Examples of the indirect tax implications of using blockchain

  • VAT. Eliminating or reducing fraud by having full audit trails, automatic settlements and identity management.
  • VAT, customs or excise duties. Reducing fraud and improving indirect tax collection by using cryptocurrencies (e.g., VAT coin).
  • Global trade. Reducing the time taken to move goods cross-border by using blockchains to authenticate traders and goods for customs purposes (e.g., for granting authorized economic operator status and using green lanes). Reducing transport time supports the efficiency of cross-border supply chains (e.g., for perishable goods) and just-in-time manufacturing.
  • Excise taxes. Using blockchains created for excisable products (mineral oil, tobacco products, wine and beer) to calculate duties more accurately, reduce smuggling and counterfeiting, and track cross-border movements.
  • E-invoicing. Providing automatic settlement and payment and fully authenticated matching documents between suppliers and purchasers (e.g., allowing automatic matching of input and output indirect tax and avoiding the need for self-billing for consignment stocks).
  • Customs duty.

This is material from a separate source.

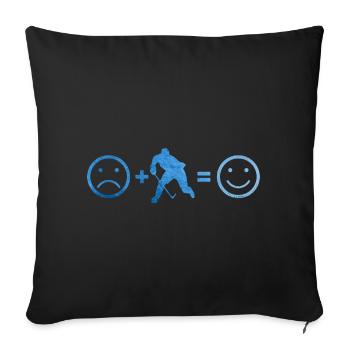 Joueurs de hockey sur glace masculin Hockey sur glace féminin - Housse de coussin décorative 45 x 45 cm - noir - Devant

Allowing increased used of customs regimes and free trade agreement duty reductions by allowing traders to prove the origin and provenance of goods (e.g., imported goods used in manufacturing prior to export).

Some issues to consider

  • Could you add value to any planned blockchain projects your business is considering, for example by adding indirect tax reporting capabilities, efficiencies or savings or by eliminating indirect tax risks?
  • Could blockchains revolutionize reporting for VAT and customs duties?
  • What could be the indirect tax risks of blockchain applications?
  • Are there any indirect tax opportunities?
  • What could be the implications for your indirect tax strategy or indirect tax risk profile of changing business models, adopting a decentralized structure or if value is created in new ways?
  • What would be the impact of having improved data quality and immediate real-time information, or of changing invoicing, settlement or reporting?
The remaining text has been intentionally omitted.